Two other plant receptors that are derived from the two-component system are phytochrome and the cytokinin hormone receptor. Phytochrome has close homologs in cyanobacteria. A phytochrome homolog in Synechocystis was shown to be a light-regulated two-component sensor kinase capable of phosphorylating a response regulator protein encoded within the same operon (Elich and Chory, 1997; Hughes et al., 1997; Yeh et al., 1997). Similar phytochrome operon sequences (aphA/alr3157 plus alr3158 and aphB/all2899 plus all2898) are found in the Anabaena genome (Kaneko et al., 2001). Although the signaling mechanism of higher plant phytochrome appears to have diverged from the two-component system, the structural and functional links to "prototypical" counterparts in cyanobacteria are quite compelling. Ethylene receptors and phytochromes are the only plant proteins known to contain GAF- and His kinase-related domains.
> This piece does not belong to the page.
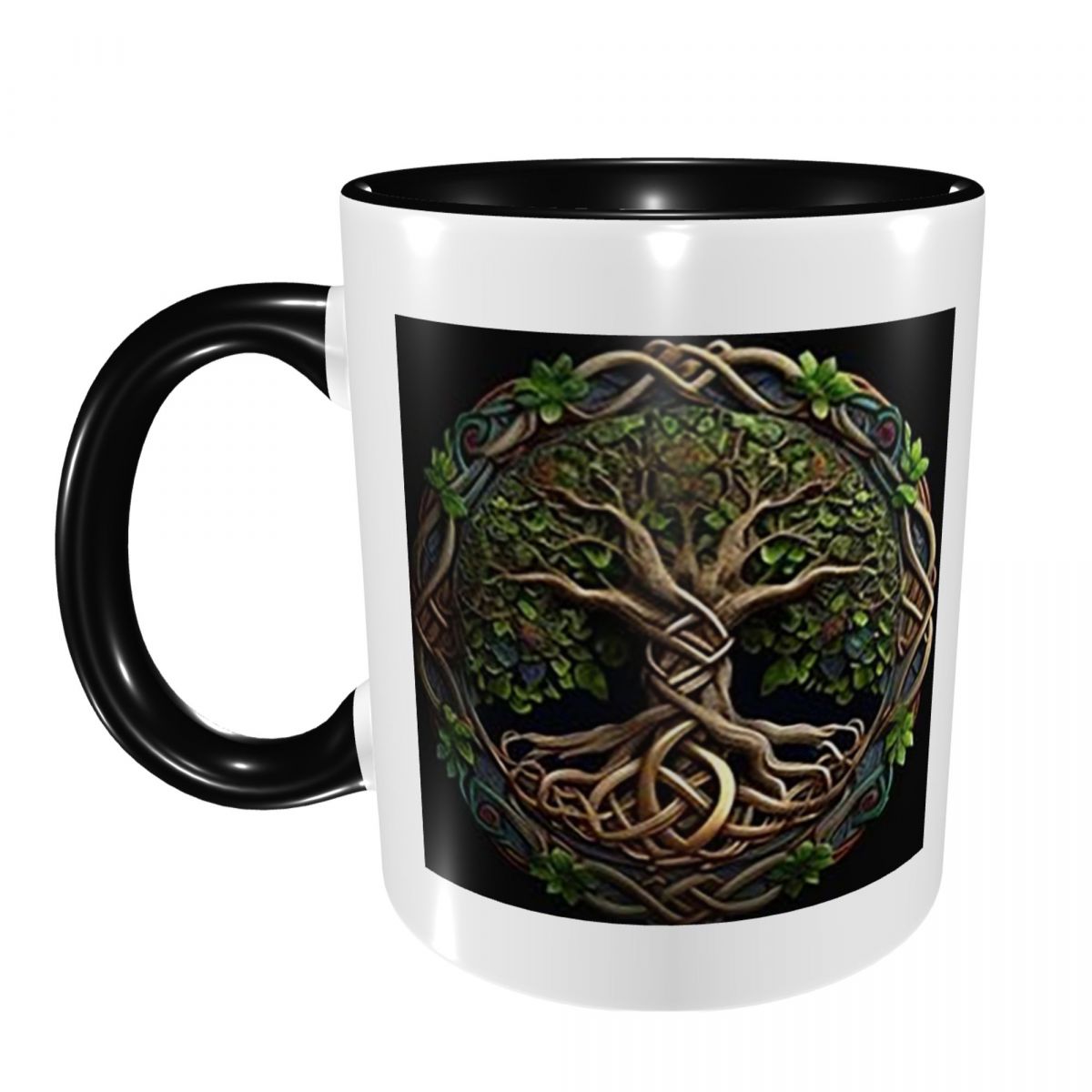 Biblical World Tree Of Life Mu - Coffee Tea World ulasan dan harga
Cytokinin receptors have not been described in cyanobacteria, but weak similarity has been noted between these receptors and putative ligand-binding domains with a wide phylogenetic distribution, including cyanobacterial proteins with two-component signaling domains (Anantharaman and Aravind, 2001; Mougel and Zhulin, 2001).

We conclude that the ancestral progenitor of plant ethylene receptors is likely to be a cyanobacterial ethylene receptor. The finding of intact cyanobacterial homologs to more than one key receptor of modern plants suggests that the ancient transfer of plastid genes to plants was of profound importance in shaping the fundamental character of higher plants.